L’obiettivo del “Robot-penis” (al momento non è stato diffuso alcun rendering ufficiale) è quello di superare “le limitazioni che oggi caratterizzano gli interventi di sostituzione o di impianto del pene” al fine di rendere il funzionamento della protesi “il più vicino possibile rispetto a quello dell’organo naturale”. A rendere il progetto davvero innovativo, anche rispetto alle soluzioni attuali, è “la possibilità di controllare la protesi tramite il pensiero e gli stimoli nervosi, garantendo così alla persona che la ‘indossa’ il piacere sessuale“. Tutto ciò – spiegano ancora i ricercatori – grazie a un innovativo “sistema di sensorizzazione” e a materiali elastici “smart” e biocompatibili. L’erezione della protesi robotica potrà infatti avvenire in maniera naturale “quando si manifesta il desiderio sessuale”, al contrario invece di quanto avviene generalmente nei casi di ricostruzione chirurgica del pene: a seguito di una “falloplastica” infatti il paziente riesce a recuperare la percezione del piacere “soltanto in maniera limitata” e l’erezione può avvenire solamente “tramite controllo manuale“.

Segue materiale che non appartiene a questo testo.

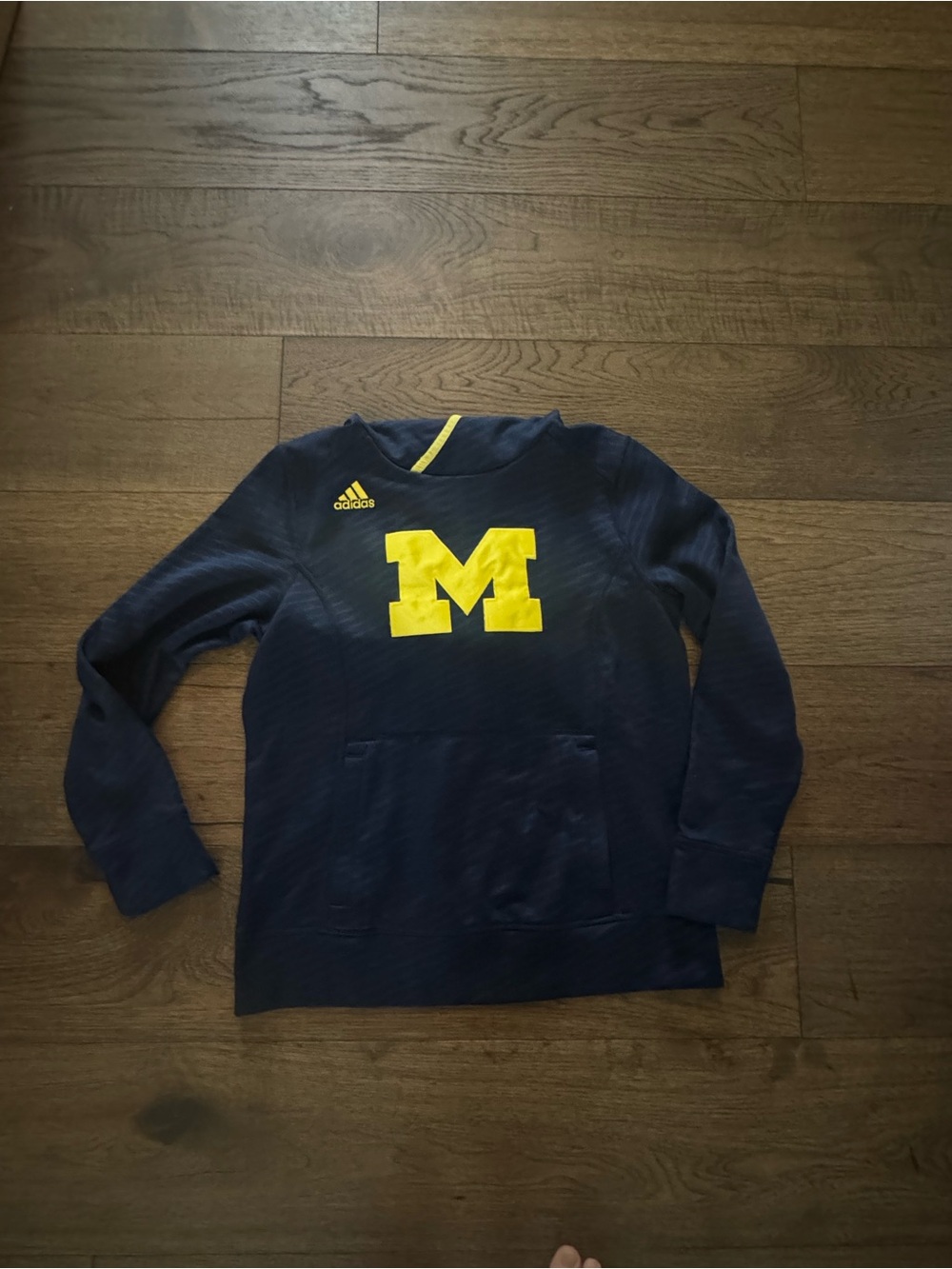 Adidas Michigan Hoodie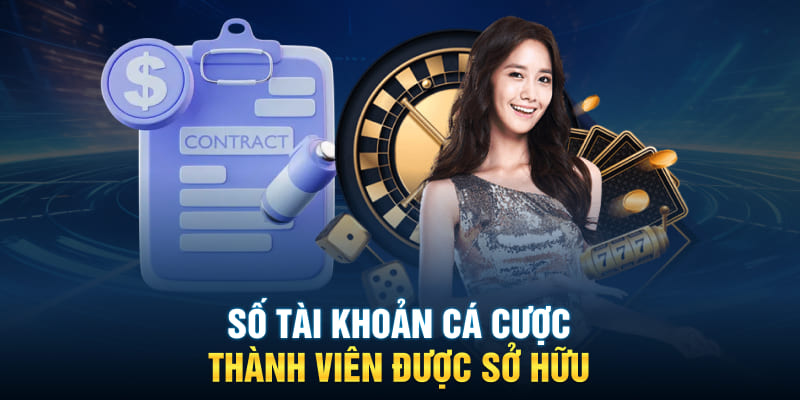 Số tài khoản cá cược thành viên được sở hữu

L’obiettivo è insomma quello di arrivare a “fornire una soluzione terapeutica alternativa rispetto alla tradizionale chirurgia plastica“: tutto ciò partendo dalle nuove scoperte in tema di protesi artificiali che stanno sempre più rendendo possibile “il recupero di funzionalità fisiologiche ormai perse”. I target del dispositivo robotico? Pazienti che hanno subito una penectomia ma anche “coloro che intraprendono un percorso di transizione di genere”. Adesso l’idea dovrà misurarsi con il mercato: “Il prossimo passo – precisano i progettisti – sarà la ricerca di finanziamenti, con l’auspicio di giungere nei prossimi 12 mesi a un prototipo funzionante della protesi robotica e nel giro di pochi anni arrivare così alla commercializzazione del dispositivo”.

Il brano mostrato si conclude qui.